**PROBLEM TO WORK ON**. Output each line of the data below exactly, omitting any image.
═════ RECORDS TO USE
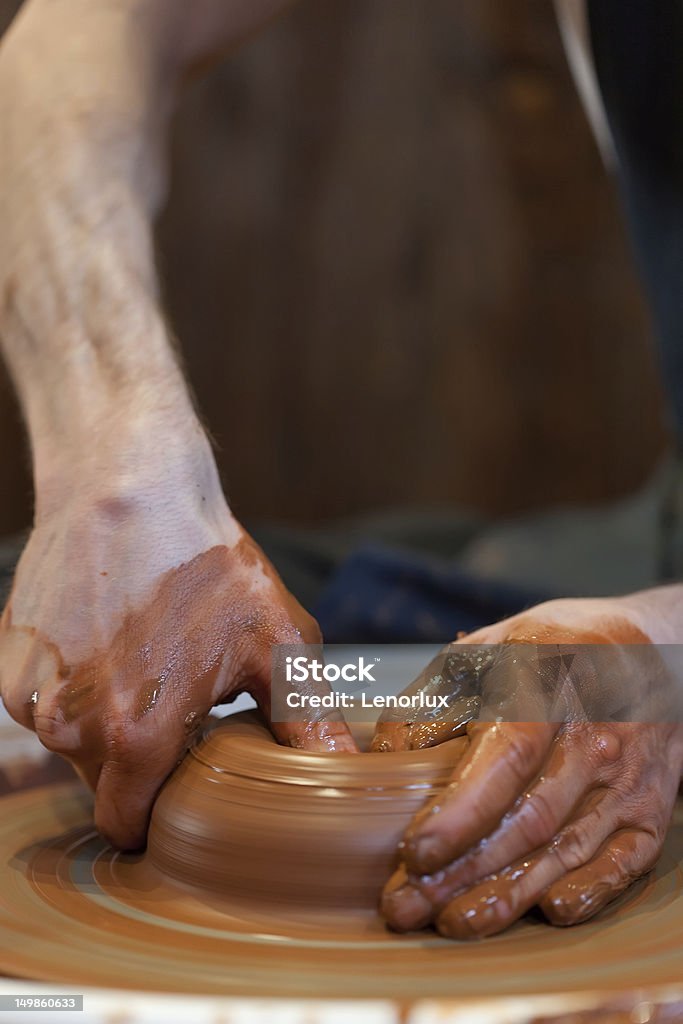 손을 선으로나 potter - 로열티 프리 공예 스톡 사진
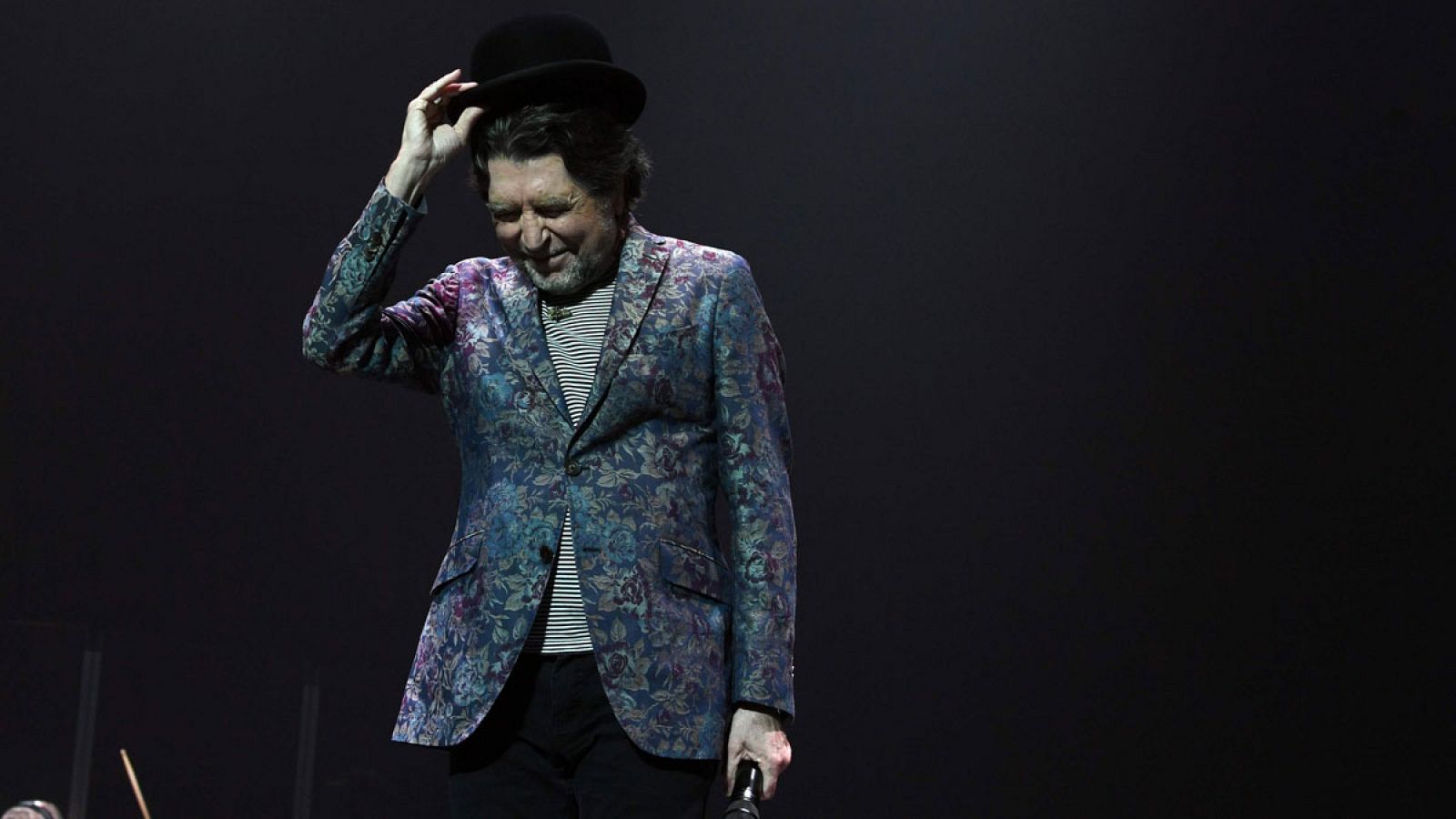 Joaquín Sabina presenta una "evolución favorable" y  permanece en la UCI tras la  operación por un hematoma intracraneal | Ver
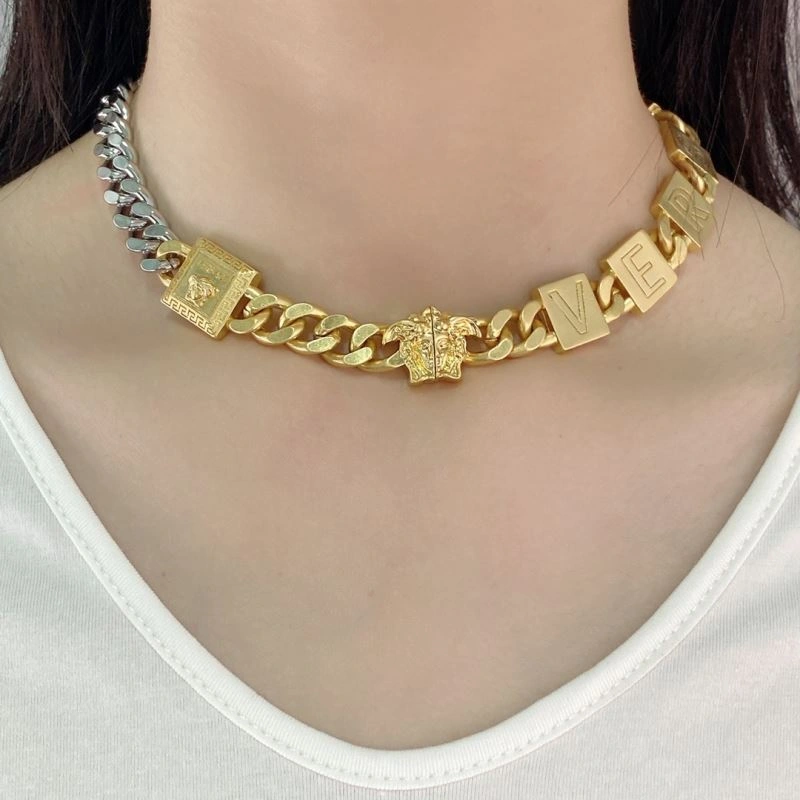 Versace Necklaces Practical 211011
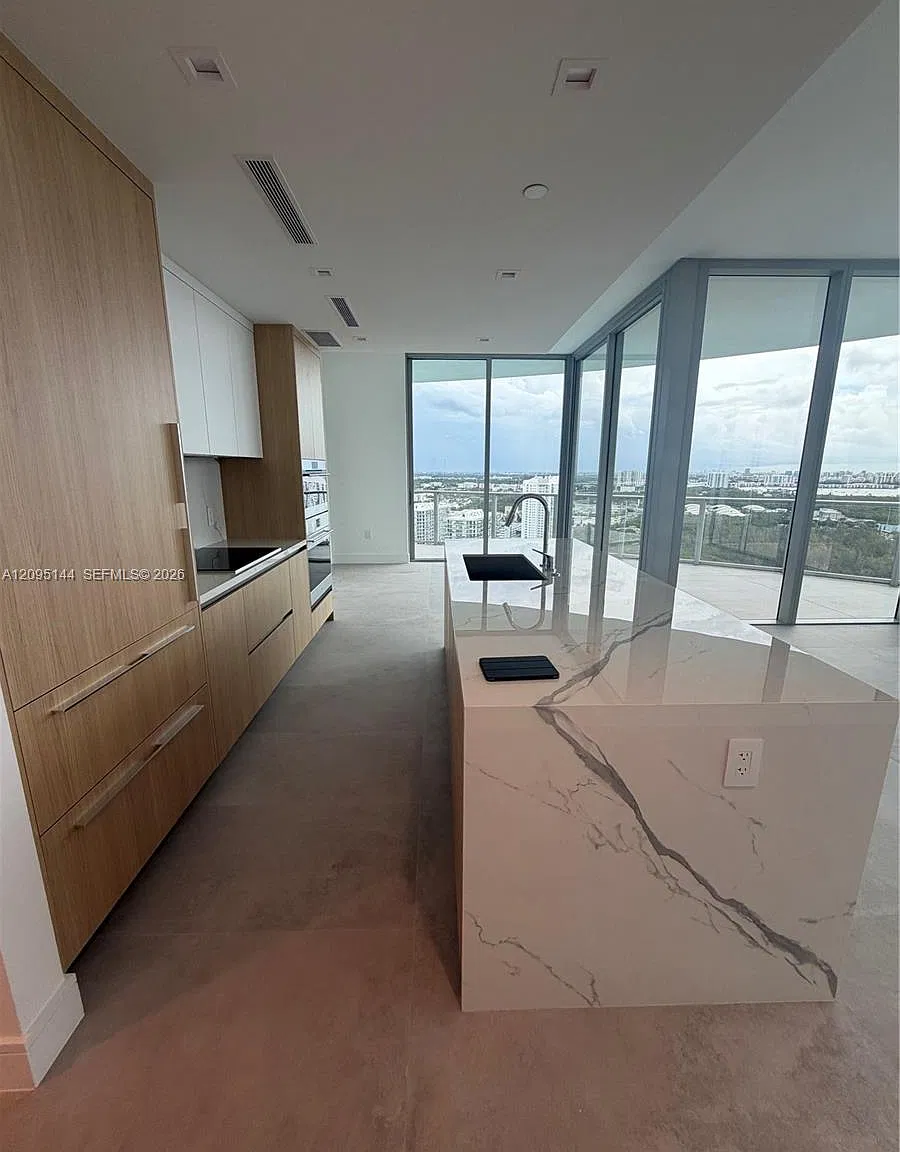 One Park Tower — Photo 1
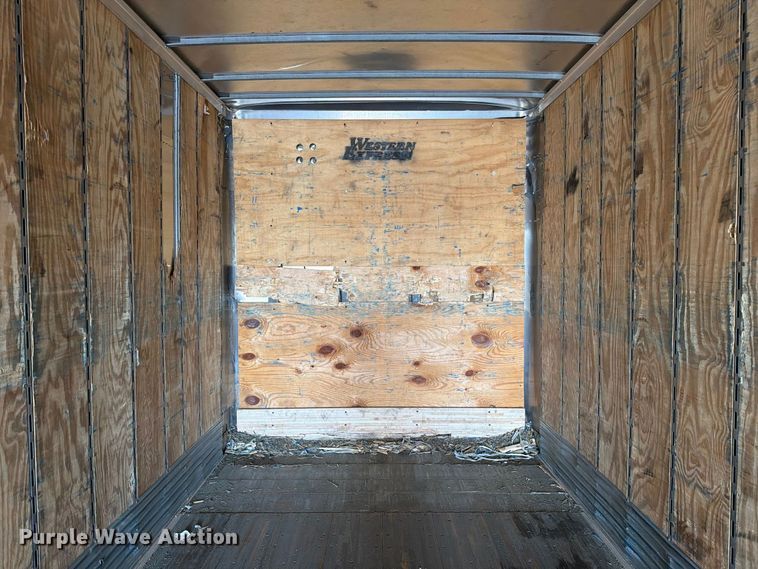 image for item YA5330 2004 Hyundai V12530152-AJS dry van trailer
══════════
**REPLY TO THE TASK**.
 손을 선으로나 potter - 로열티 프리 공예 스톡 사진
 Joaquín Sabina presenta una "evolución favorable" y  permanece en la UCI tras la  operación por un hematoma intracraneal | Ver
 Versace Necklaces Practical 211011
 One Park Tower — Photo 1
 image for item YA5330 2004 Hyundai V12530152-AJS dry van trailer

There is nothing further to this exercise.